South Shore Toured

We had a fun week on the road in Nova Scotia: good food, beautiful scenery, friendly people and some neat historical stops. Of course there were a few twists, given that our transport was our electric Nissan Leaf.

What’s it like going on a 1,000 km trip in an electric car with a 100-140 km range? Well, we did a lot of planning to ensure that the route has chargers/outlets not too far apart. Even then you can run into the odd snag.

After a foggy two-hour crossing on the Fundy Rose (Saint John – Digby ferry), we headed to the charger at the Digby town hall to top up the Leaf before heading to Yarmouth for our first overnight stop.  Instead of a charger this is what we found:

Digby Town Hall missing charger

Just a smashed corner and a dangling wire where a charger used to be. Not good. There are no other chargers listed in PlugShare ( for Digby, and it was Sunday so the town hall was closed. Lee spotted a regular electrical outlet next to the front door so we decided to plug into that and scout around to see if we could find a faster charge elsewhere.

After a short walk we found the Digby tourist information center and explained our situation. In true small town hospitality, they tracked down everyone they could think of who might be able to help even though most of these people were at home since it was Sunday.  They were unable to find a charger but we did find out what had happened.  Three days prior to our arrival, a fellow accidentally plowed into the corner of the town hall with his car. The charger had been removed until repairs could be completed. Bad timing on our part.

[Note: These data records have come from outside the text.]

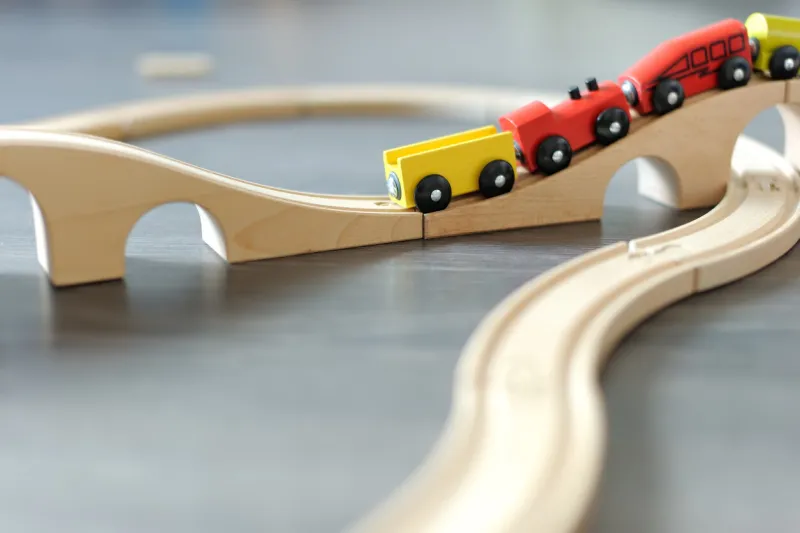 railway toy on floor in kid's room or playroom in entertainment centre cute trains and wooden rail road funny toy for boy education for young children on kindergarten development through the game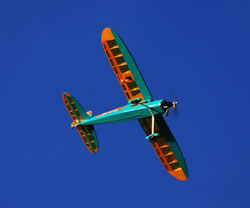 The Phoenix Rainbow trainer plane in orange and turquoise banking away from the camera against a deep blue sky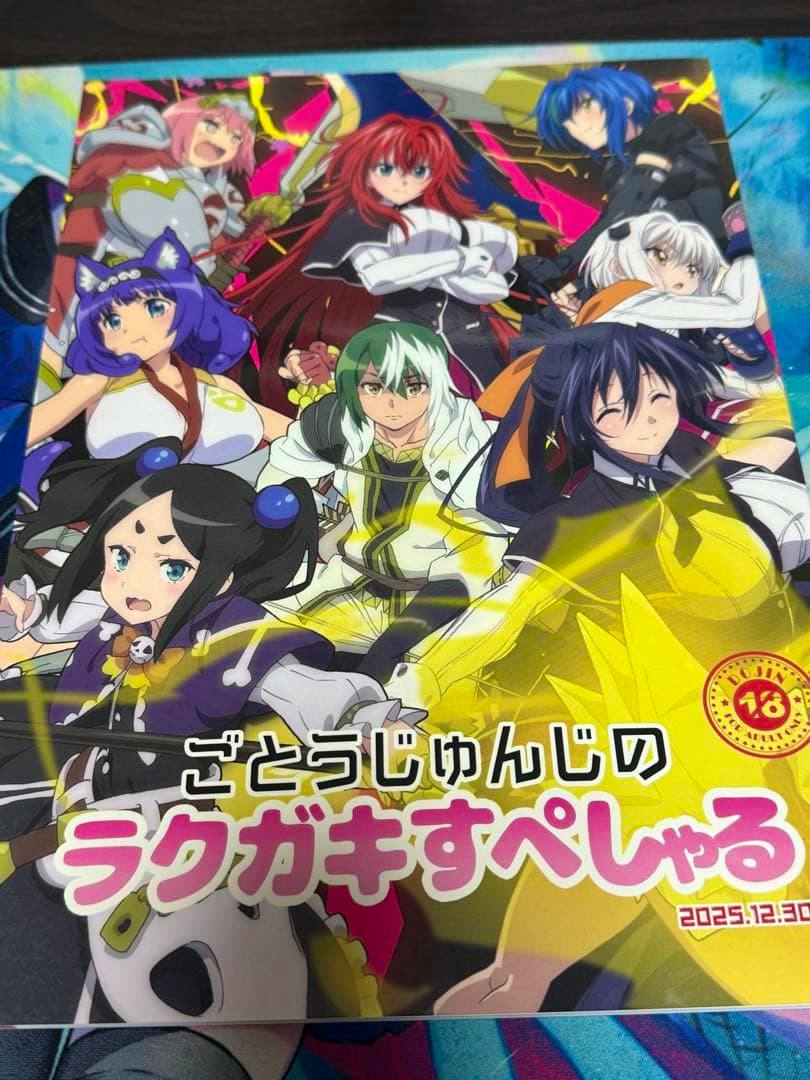 Photo of the illustration book's front cover showing multiple anime-style characters and Japanese title text.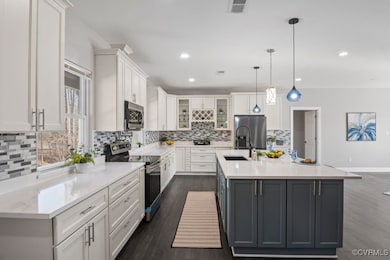Kitchen includes stainless steel appliances, farm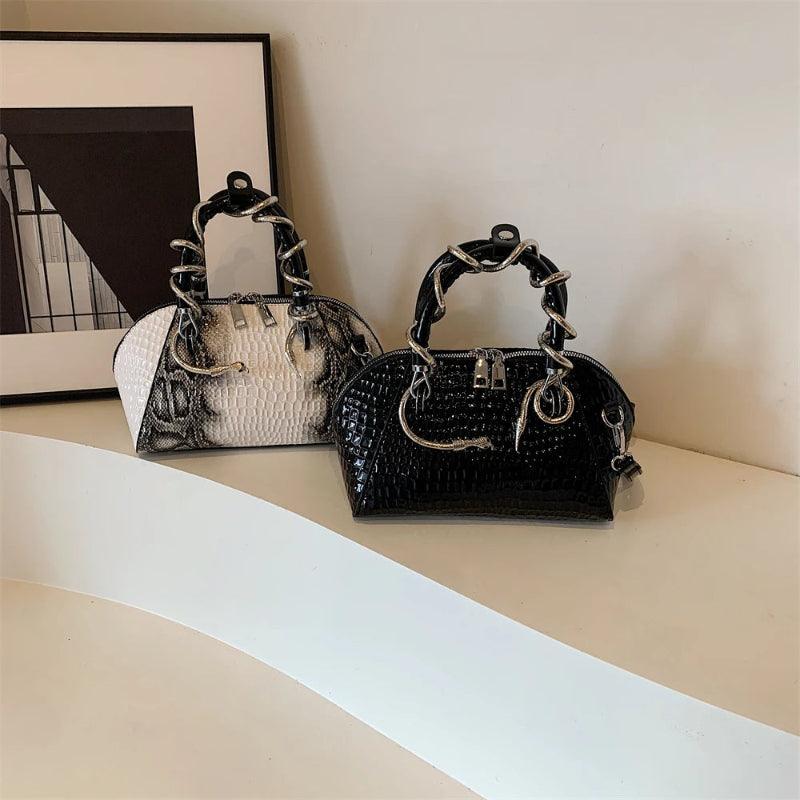 Two handbags, one black and one white with black accents, on a light surface.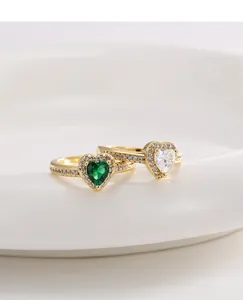 Close-up of heart-shaped green and clear zircon rings with gold band and pavé diamonds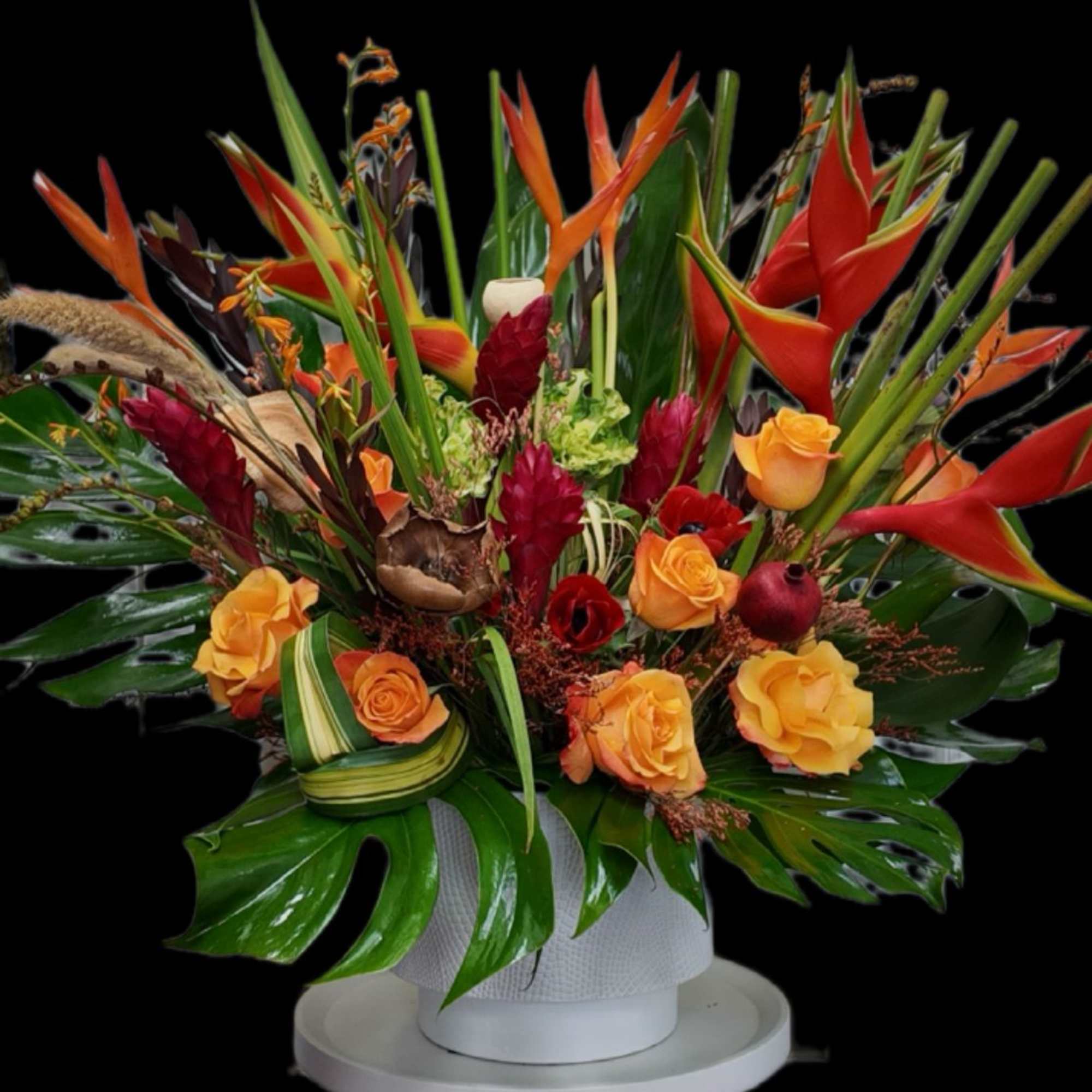 Tropical floral arrangement with orange roses and red heliconia in a white vase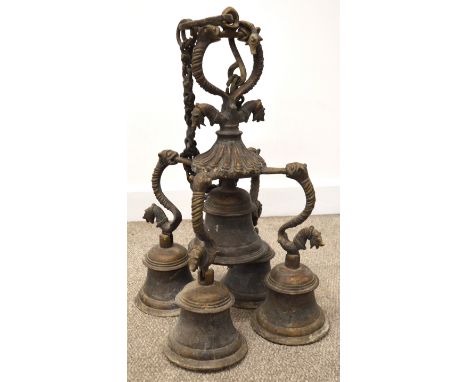 Large Tibetan bronze temple bell, configured as five bells with figural mounts and hanging chain, approx. 38cm w x 60cm tall 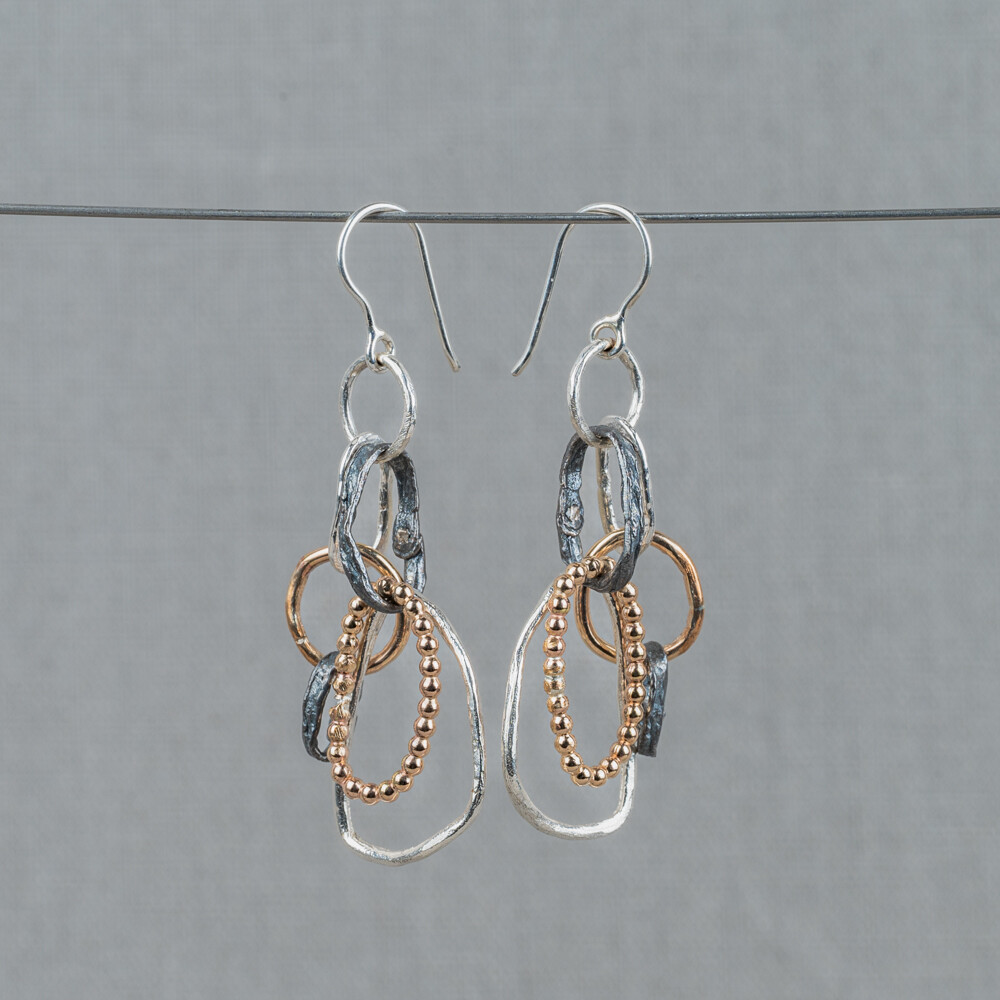 Oorhangers gemaakt van 925 sterling zilver, geoxideerd zilver en Goldfilled. Er zitten verschillende vormen ringetjes aan deze oorbellen, wat hem erg speels en uniek maakt! Combineer met een mooi collier en ring voor een complete look.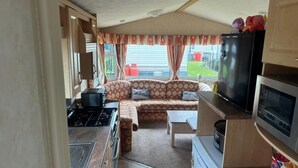 Une cuisine compacte pour camping-car, équipée d’une cuisinière, d’un four à micro-ondes et d’un réfrigérateur. Un canapé est placé au centre, et un téléviseur est fixé au mur au-dessus.
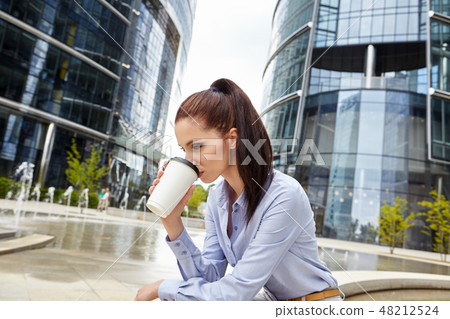 Beautiful young businesswoman with a disposable coffee cup Beautiful young businesswoman with a disposable coffee cup 48212524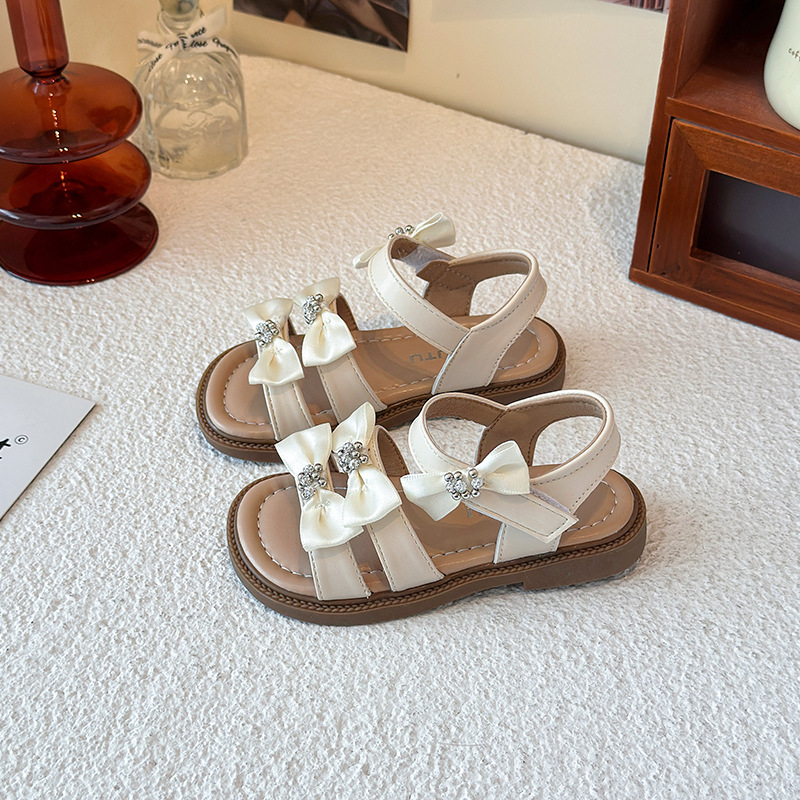Sandálias de niñas 2026 verano nuevo estilo coreano arco para niñas zapatos de playa de dedos desnudos estudiantes zapatos de princesa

In the end, using the regular 110 volt outlet instead of a level 2 charger increased our Digby stop from a one-hour supper stop to a three-hour visit.  So instead of exploring Yarmouth that evening we explored Digby.  Just proof that a good plan still needs flexibility.

Digby was the only place where we didn’t get to use the charger we expected.  In Yarmouth the EV charger was right where PlugShare said it would be – in the free central parking lot. We charged for about 10 minutes then headed over to the hotel for the night.  The hotel directed us to one of their regular outside outlets so we could plug in for the night.  Although Yarmouth had two EV chargers available for use, we ended up using the hotel outlet for most of our charging since it was so convenient.

In fact, during the tour we were able to charge overnight at each of the five places we stayed using a regular outside outlet. Almost half of the power required for the trip ended up coming from these convenient outlets.  At the NS Power small business rate ($0.155 including tax), the cost to the innkeeper for each of these overnight charges was pretty small – about two dollars.

In Shelburne the charger was conveniently located in a free public parking lot next to the waterfront. Liverpool does not yet have an EV charger, so we plugged into the regular outlet at the local tourist information center. At the Lunenburg County Lifestyle Center in Bridgewater there were fourteen chargers! That’s what PlugShare indicated but they were still quite a sight!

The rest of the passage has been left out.